To me, I take all statistics with a grain of salt .  Every bit of 
tests/data is based upon a certain set of subjective parameters , which in 
turn fullfill themselves objectively.  All Subjective truth fulfills itself 
objectively. 

 
Reminds me of the quote by Aaron Levenstein:  “Statistics are like bikinis. 
What they reveal is suggestive, but what they conceal is vital.”

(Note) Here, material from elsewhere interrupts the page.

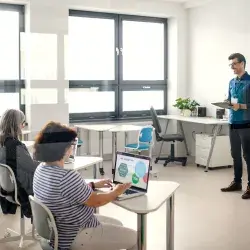Futuro educativo: docentes de campus Mty exponen proyectos en Estonia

As one who spectated, in first person,  non-enforcement of a broken law 
when police responded to where I was hit by a motorist, I feel the same 
about legislated morality. Bureaucracy attempts to create outcomes among 
the otherwise disinterested or uninspired. These are individual attributes 
that reflect well on larger populations when enough project them. It is a 
failure by generalization to not expect the exception, a remnant habit from 
when situational awareness and Mazlov's hierarchy framed my daily to-do 
list. 

Drivers don't avoid bicyclists because there are laws that say you'll get 
in trouble. It is a pop quiz for the individual at the wheel, a brief one 
question test that will demonstrate either their humanity, awareness and 
necessity to express concern for another or the validation of their step 
onto a slippery slope leading away from all that is good. 

I like to think that for my years and miles of cycling, the places it has 
taken me and the people I have met, that my personal statistical result is 
that more people are good, right and just versus otherwise. 

Andy Cheatham
Pittsburgh

On Friday, March 7, 2014 7:13:59 PM UTC-5, Garth wrote:
>
>
>   To me, I take all statistics with a grain of salt .  Every bit of 
> tests/data is based upon a certain set of subjective parameters , which in 
> turn fullfill themselves objectively.  All Subjective truth fulfills itself 
> objectively. 
>
> All the paths or legislation in the world will not make cycling "safe" , 
> or even "saf-er" (compared to who's definition ?), as there are infinite 
> subjective things fulfilling themselves objectively within each person when 
> you really think about it, the orchestration of the World *as each person 
> experiences it* (no two alike) is absolutely Awe-Inspiring.